L’industrie a sali par place ce tableau
De paix patriarcale et de campagne dense
Et compromis jusqu’à des points cette abondance,
Mais l’ensemble est resté, somme toute, très bien. »Paul Verlaine (1844-1896)
« Le gris des ciels du Nord dans mon âme est resté ;
Je l’ai cherché dans l’eau, dans les yeux, dans la perle,
Gris indéfinissable et comme velouté,
Gris pâle d’une mer d’octobre qui déferle,
Gris de pierre d’un vieux cimetière fermé.

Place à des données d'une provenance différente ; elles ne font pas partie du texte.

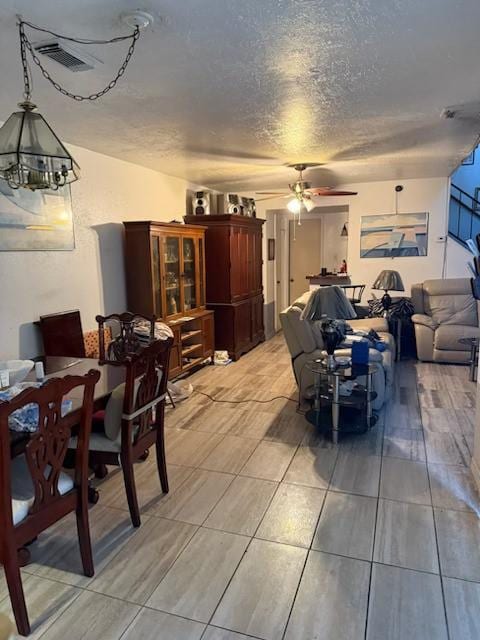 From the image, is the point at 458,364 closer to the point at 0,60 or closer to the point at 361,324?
the point at 361,324

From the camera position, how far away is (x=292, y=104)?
2.84 meters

D’ou venait-il, ce gris par-dessus mon enfance
Qui se mirait dans le canal inanimé ?
Il était la couleur sensible du silence
Et le prolongement des tours grises dans l’air.
Ce ciel de demi-deuil immuable avait l’air
D’un veuvage qui ne veut pas même une rose
Et dont le crêpe obscur sans cesse s’interpose
Entre la joie humaine et son chagrin sans fin.
Ah ! ces ciels gris, couleur d’une cloche qui tinte,
Dont maintenant et pour toujours ma vie est teinte !
Et, pour moudre ces ciels, tournait quelque moulin ! »Georges Rodenbach (1855-1898)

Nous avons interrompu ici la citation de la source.